The semi-supervised strategy is depicted in the above figure, also in the animated GIF at the top.

Train on the labeled data to get an initial teacher model.
For each class/label, the predictions of this teacher model are used to rank the unlabeled images and pick top-K images to construct a new training data.
For each image, only the classes associated with the P highest scores are retained.
This new training data is used to train a student model, which typically differs from the teacher model: the complexity at test time is smaller.
Finally, pre-trained student model is fine-tuned on the initial labeled data to circumvent potential labeling errors.

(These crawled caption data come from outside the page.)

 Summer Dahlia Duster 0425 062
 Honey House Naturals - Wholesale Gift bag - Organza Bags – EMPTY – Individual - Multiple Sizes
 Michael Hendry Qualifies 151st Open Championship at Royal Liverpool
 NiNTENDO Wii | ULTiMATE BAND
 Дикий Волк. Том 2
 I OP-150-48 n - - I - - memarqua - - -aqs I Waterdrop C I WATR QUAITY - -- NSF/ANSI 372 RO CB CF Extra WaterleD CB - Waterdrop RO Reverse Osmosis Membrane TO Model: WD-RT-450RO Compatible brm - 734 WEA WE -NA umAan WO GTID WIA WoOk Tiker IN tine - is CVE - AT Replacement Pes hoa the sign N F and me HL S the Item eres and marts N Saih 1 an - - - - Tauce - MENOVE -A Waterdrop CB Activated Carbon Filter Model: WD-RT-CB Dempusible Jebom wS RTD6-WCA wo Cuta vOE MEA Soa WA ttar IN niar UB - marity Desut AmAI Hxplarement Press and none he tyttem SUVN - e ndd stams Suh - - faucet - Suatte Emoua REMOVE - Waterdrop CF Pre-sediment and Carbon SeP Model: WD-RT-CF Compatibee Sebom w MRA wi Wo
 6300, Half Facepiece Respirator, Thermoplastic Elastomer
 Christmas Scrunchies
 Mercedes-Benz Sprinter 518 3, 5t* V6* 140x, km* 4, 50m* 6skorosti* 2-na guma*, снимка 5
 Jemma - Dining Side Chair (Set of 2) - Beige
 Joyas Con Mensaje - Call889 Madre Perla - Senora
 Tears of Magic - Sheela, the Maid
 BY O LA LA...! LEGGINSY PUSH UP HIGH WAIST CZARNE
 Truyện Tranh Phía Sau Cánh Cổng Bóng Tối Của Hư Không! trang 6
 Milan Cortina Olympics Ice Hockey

2.2. Some Practical Details

Unlabeled dataset U: 1) YFCC-100M [38] is a publicly available dataset of about 90 million images from Flickr. 2)IG-1B-Targeted: Following [27], a dataset of 1B public images with associated hashtags from a social media website.
Labeled dataset D: The standard ImageNet with 1000 classes.
Models: ResNet and ResNeXt.
Training: 64 GPUs across 8 machines. Each GPU processes 24 images at a time. Batch normalization is used for each conv layer on each GPU. Thus, overall minibatch size is of 64×24 = 1536.

3. Experimental Results

3.1. YFCC-100M as Unlabelled Dataset

**ImageNet1k-val top-1 accuracy for students models**

Teacher model brings a significant improvement over the supervised baseline for various capacity target models (1.6-2.6%).
Fine-tuning the model on clean labeled data is crucial to achieve good performance.

**Varying the teacher capacity for training a** **ResNet-50 student model with our approach.**

The accuracy of ResNet-50 student model improves as increasing the strength of teacher model until ResNeXt-101 32×16. Increasing the teacher model capacity further has no effect on the performance of the student model.
Interestingly, even in a case of where both teacher and student models are ResNet-50, an improvement of around 1% over the supervised baseline is obtained.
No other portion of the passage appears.